=== Supplied information ===
══════
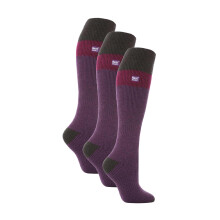 (04-Aug, Lila / Kohle) Heat Holders - Heat Holders - 3 Paar Damen Bunte Skisocken | Kniehohe Thermo Socken Extra Warm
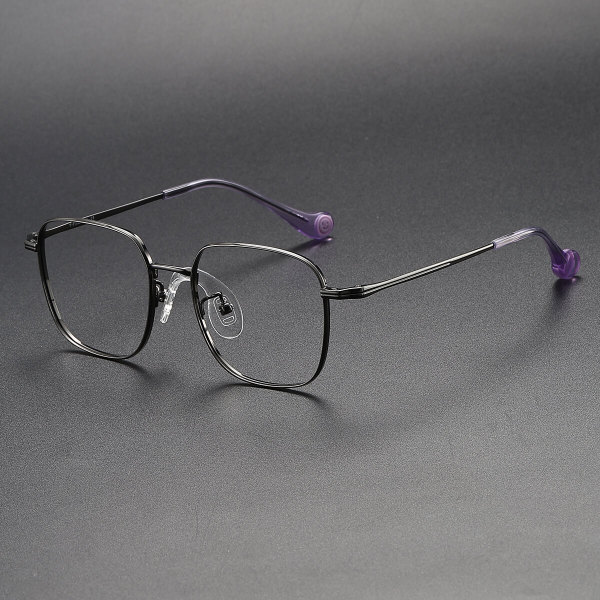 Square Titanium Glasses LE1177_Gunmetal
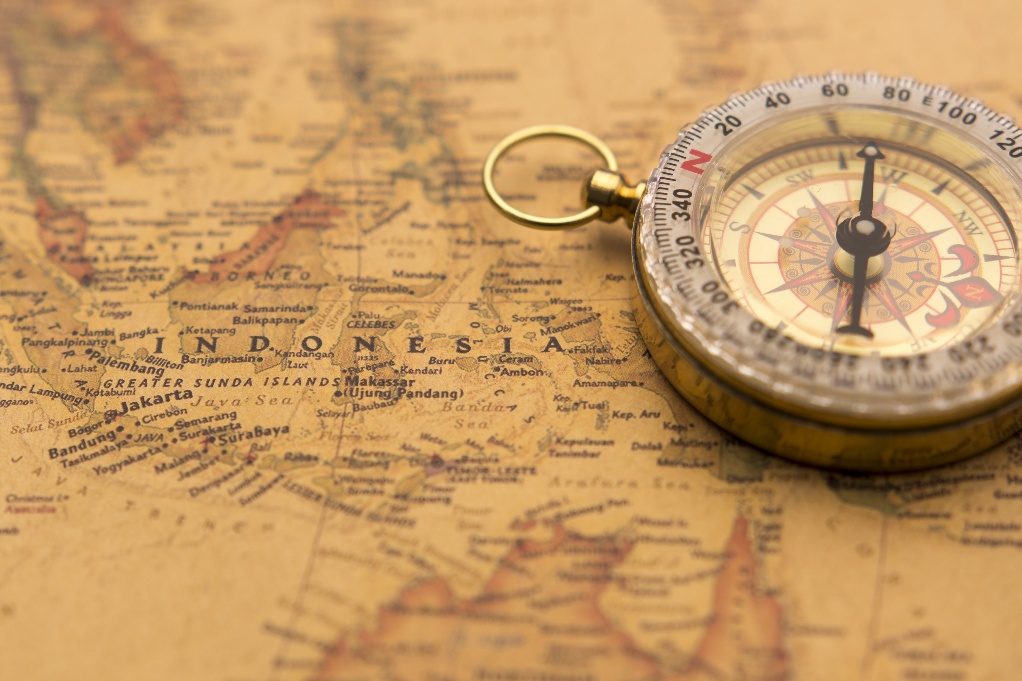 indonesia map compass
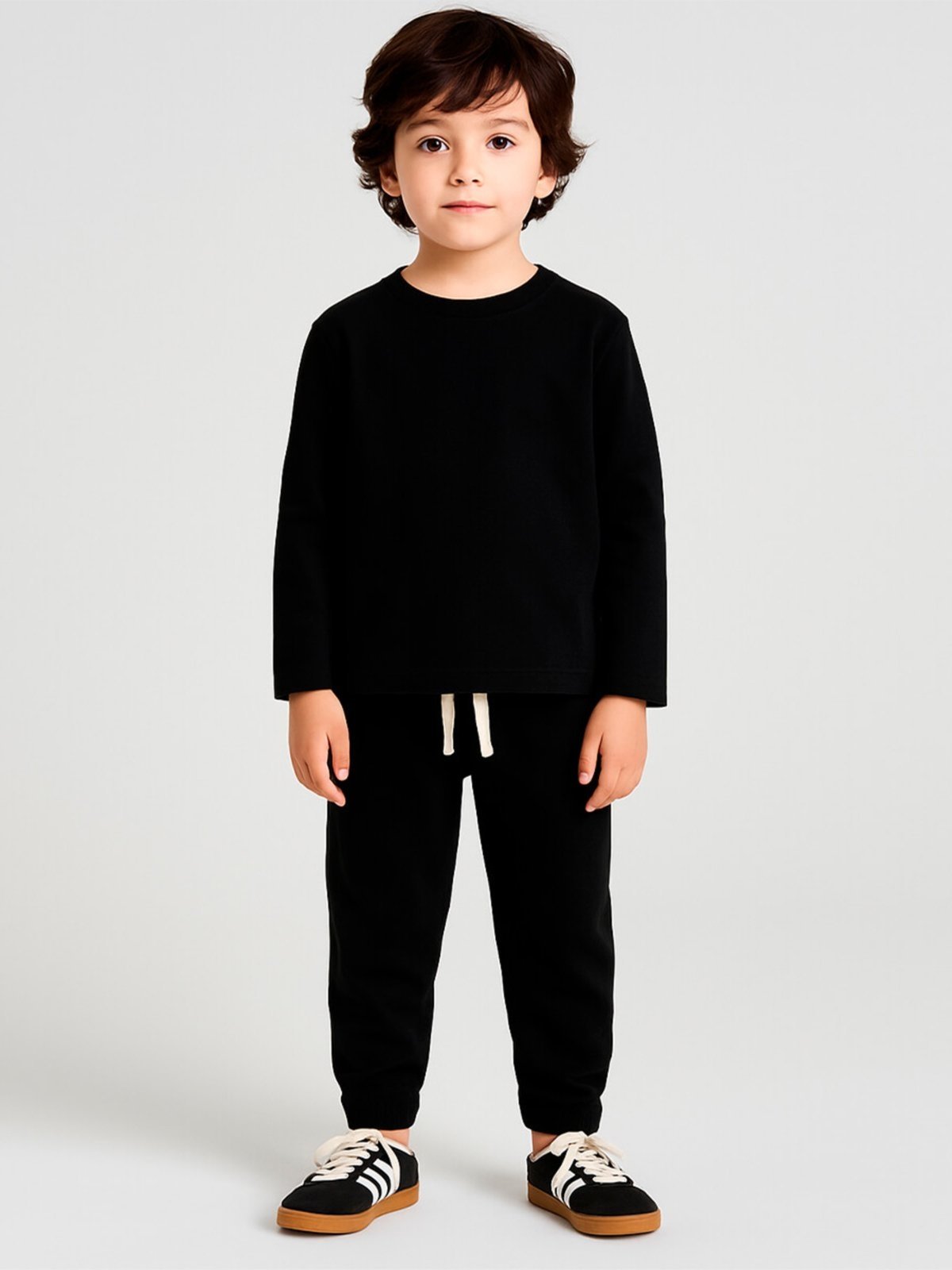 Infantil – Conjunto Bugbee Menino Camiseta Manga Longa e Calça Malha Suedine Preto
══════
=== Exercise instructions ===
Could you repeat all of the data exactly, minus the pictures?

=== Exercise output ===
 (04-Aug, Lila / Kohle) Heat Holders - Heat Holders - 3 Paar Damen Bunte Skisocken | Kniehohe Thermo Socken Extra Warm
 Square Titanium Glasses LE1177_Gunmetal
 indonesia map compass
 Infantil – Conjunto Bugbee Menino Camiseta Manga Longa e Calça Malha Suedine Preto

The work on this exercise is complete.